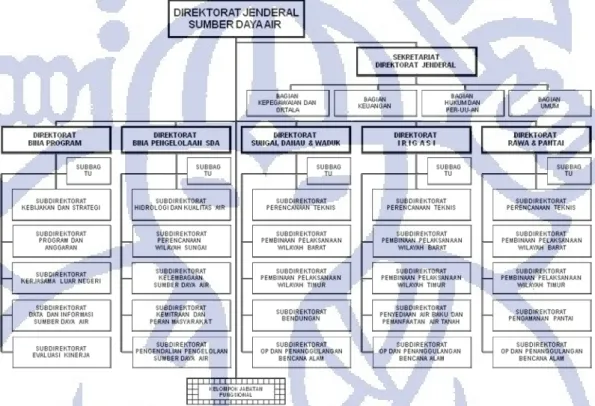 Gambar III.1. Struktur organisasi Ditjen Sumber Daya Air 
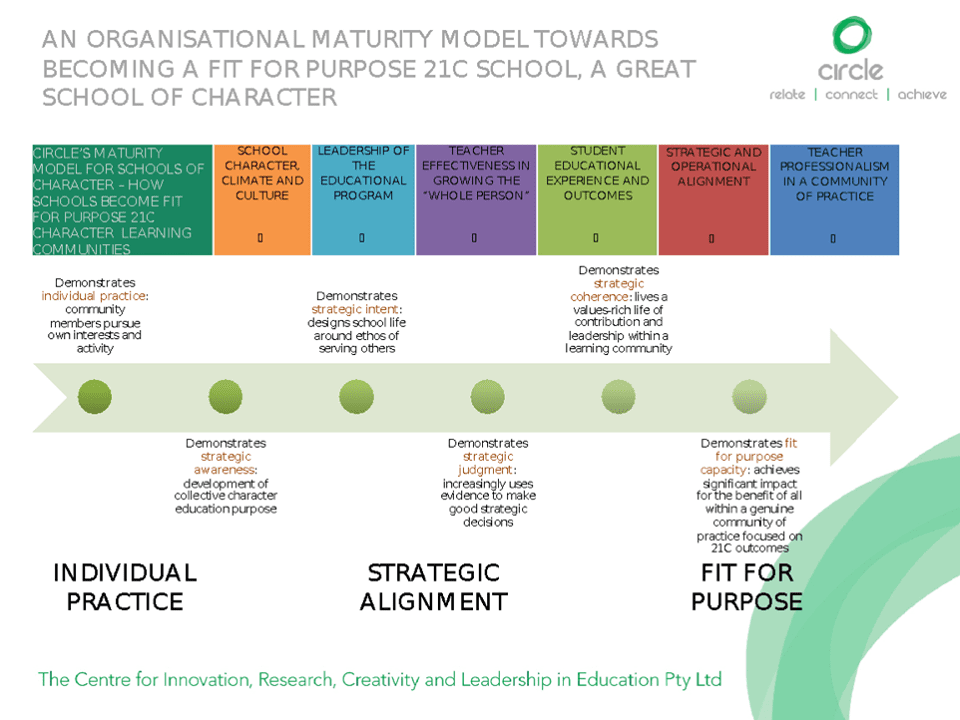 organisational-maturity-and-cultural-competency-in-a-high-performance-school-large-2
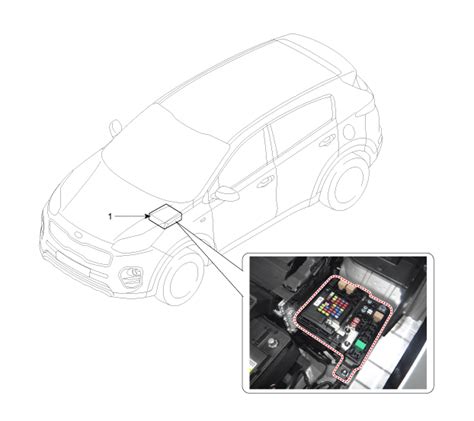 Kia Sportage Bauteile Und Bauteile Bersicht Sicherungen Und Relais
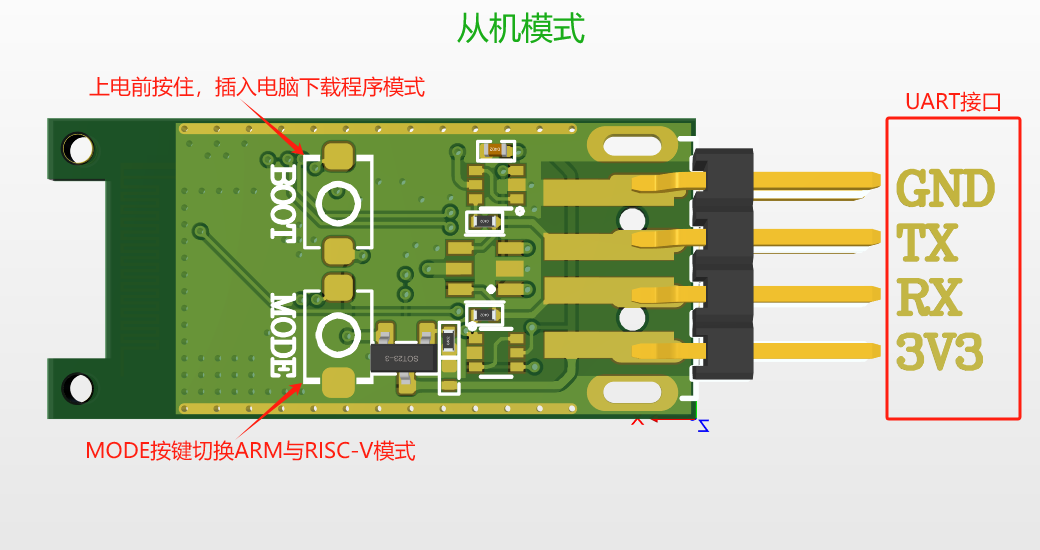 WCH-LinkW无线下载仿真调试器硬件项目图3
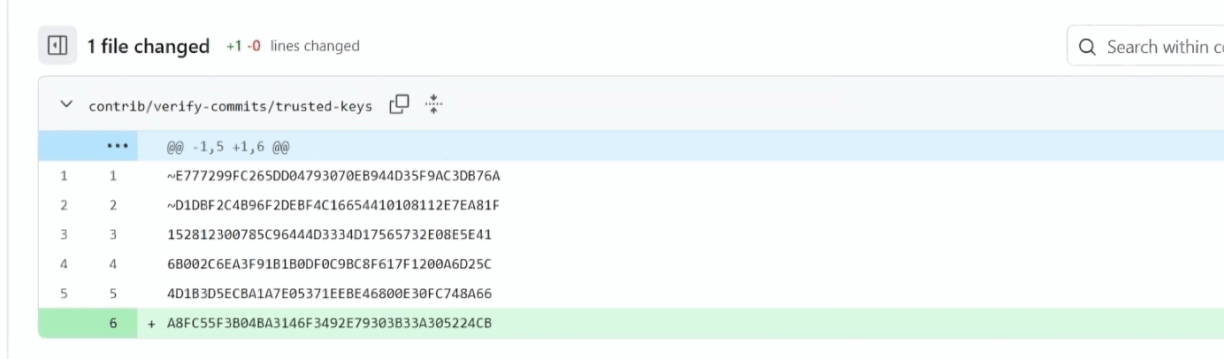 Bitcoin Core Adds New Trusted Key Maintainer After Three-Year Gap ...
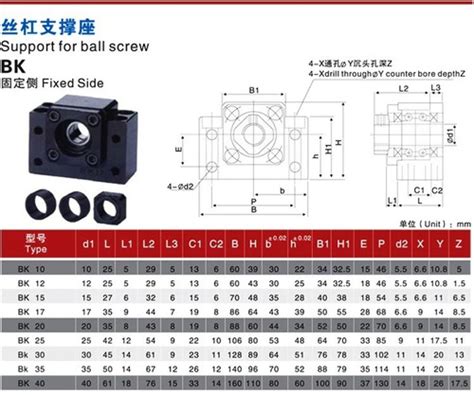 Kit Mancal Bk 20 E Bf 20 Fuso Esferas Cnc Router Bkbf20 Parcelamento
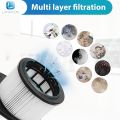 IZ862H Filter for Shark IZ862H Stratos Vacuum, Fit for Shark IZ562H UZ565H Pro IZ540H IZ840 IZ800 Vacuum Part XPSMFIZ700and XFFKIZ700, 2 Pack Filter 4 Pack Foam & Felt Filter Kit. 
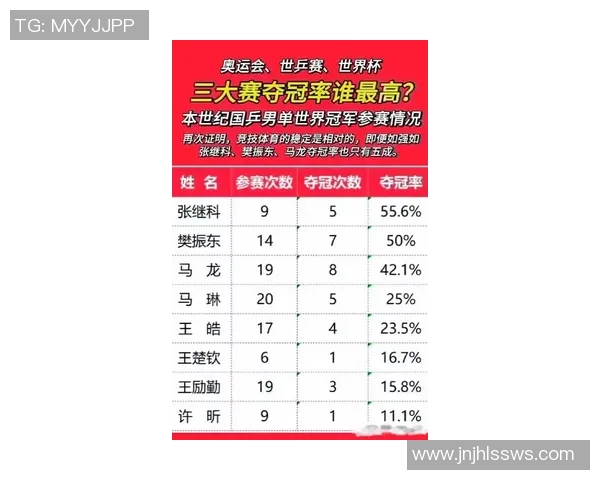 南京乒乓球队在全国速度排行榜中荣获第十名展现实力与潜力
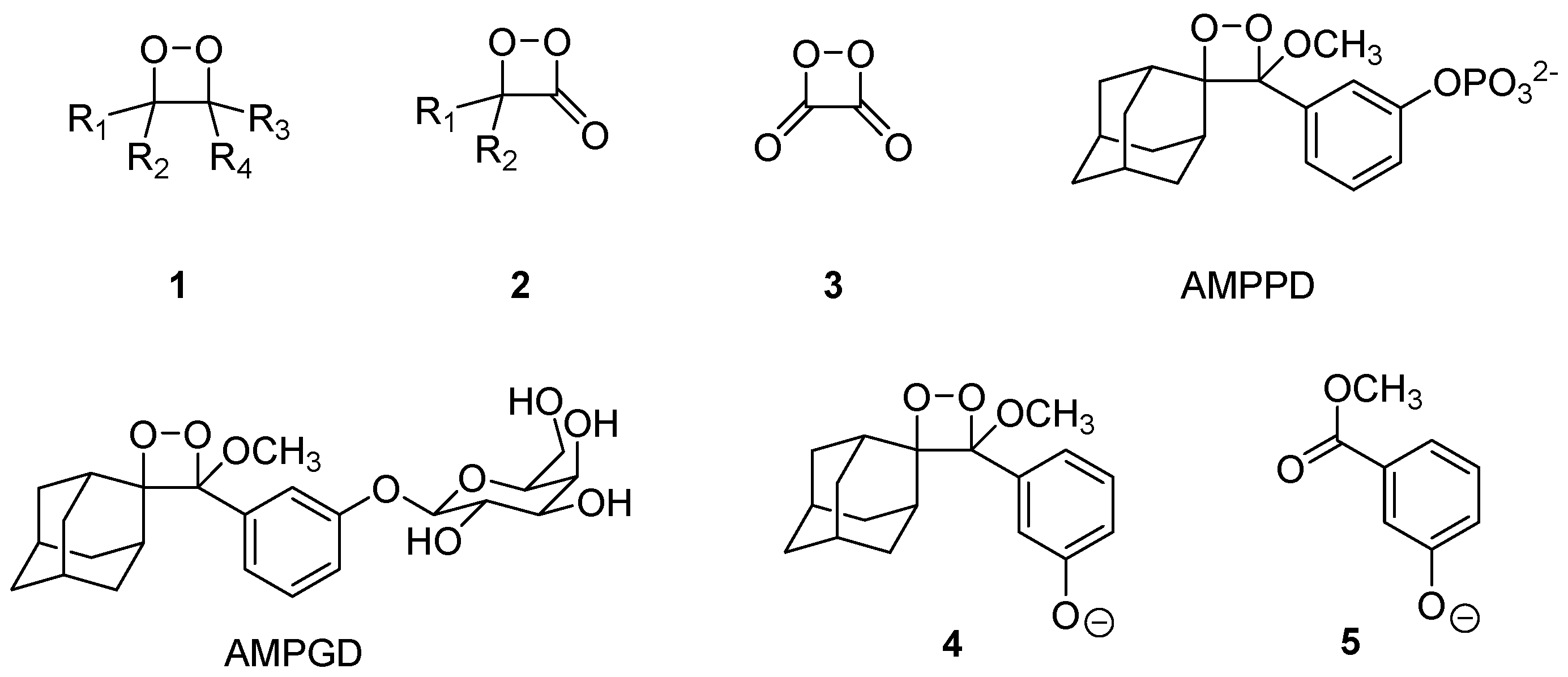 Molecules 26 03305 sch001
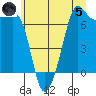 Orcas tide chart for Friday, July 5, 2024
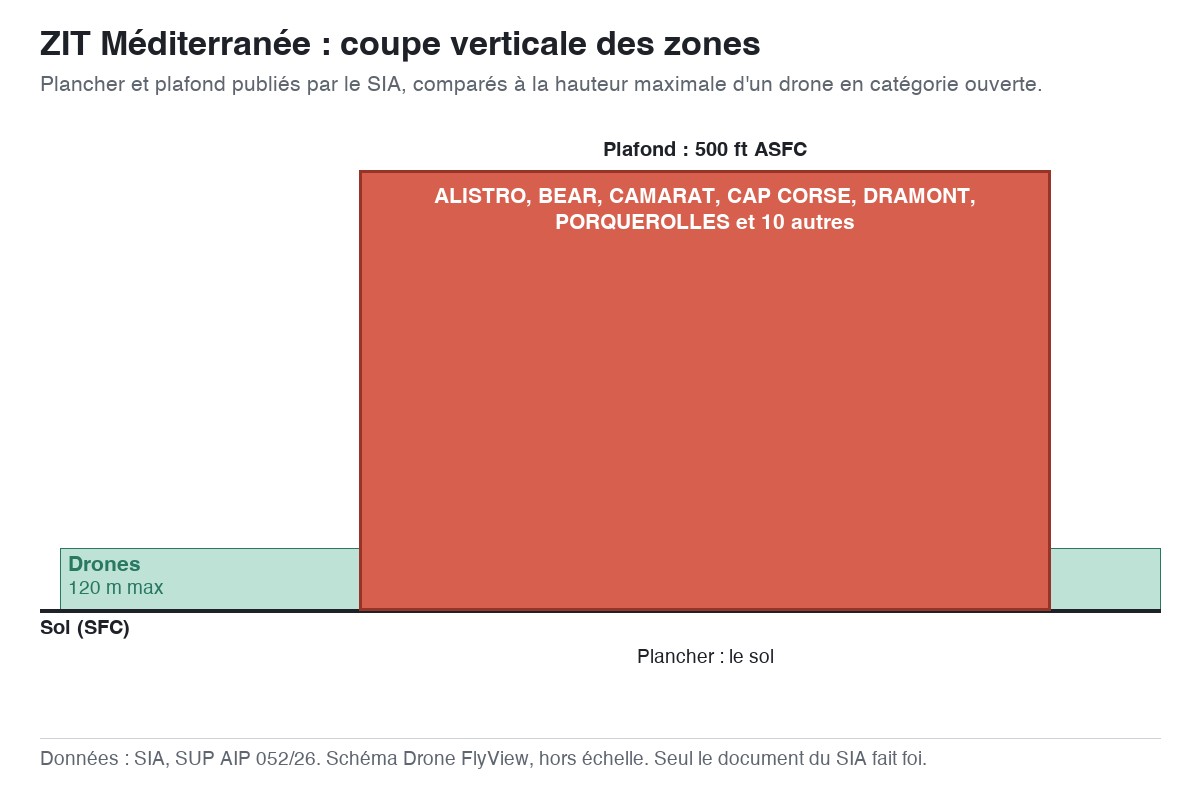 ZIT Méditerranée : schéma en coupe des zones, planchers et plafonds comparés à la hauteur maximale d'un drone — SUP AIP 052/26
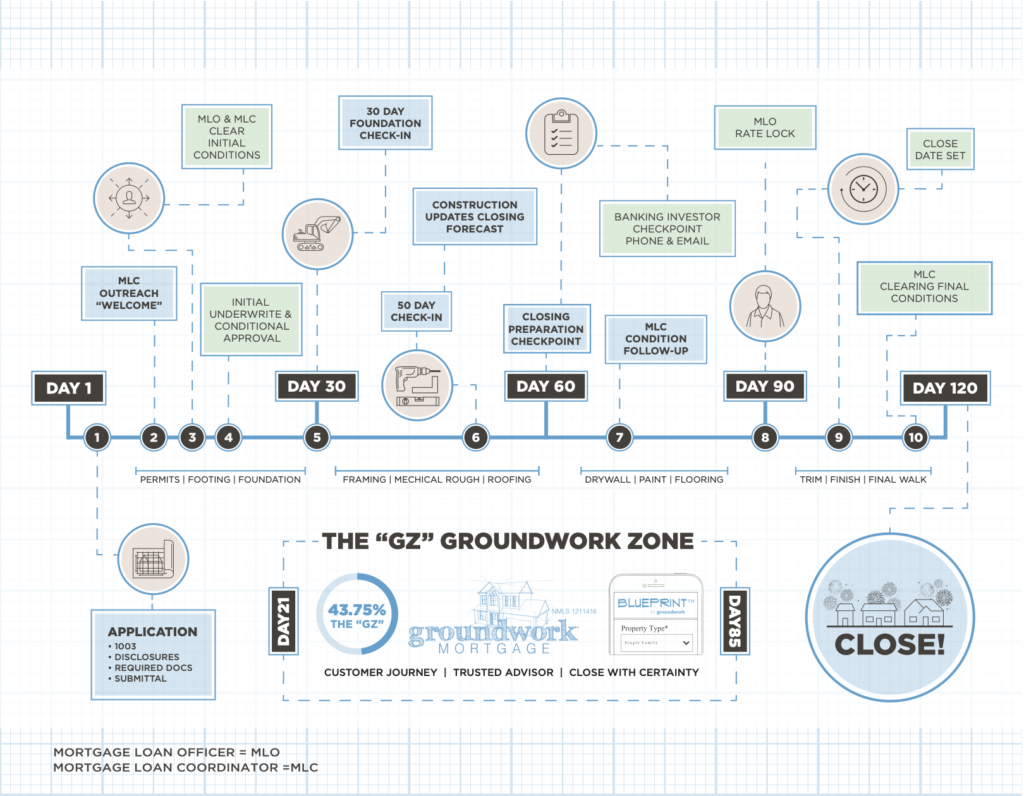 The GZ Groundwork Zone Consumer Version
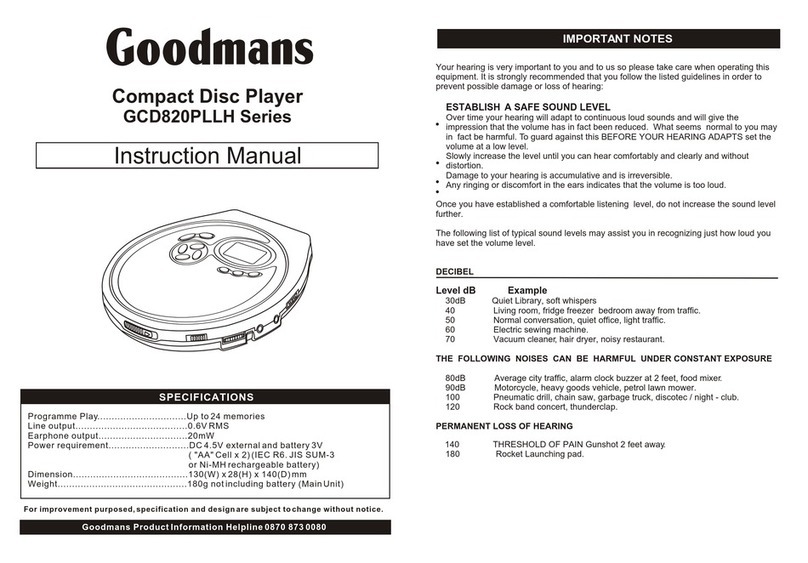 Goodmans GCD820PLLH Series User manual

* * * * * * *

__Prompt__. Print exactly the lines from the one containing "ZIT Méditerranée : schéma" through the last line of the records, both included, and leave out the pictures.

__Output of the exercise__.
 ZIT Méditerranée : schéma en coupe des zones, planchers et plafonds comparés à la hauteur maximale d'un drone — SUP AIP 052/26
 The GZ Groundwork Zone Consumer Version
 Goodmans GCD820PLLH Series User manual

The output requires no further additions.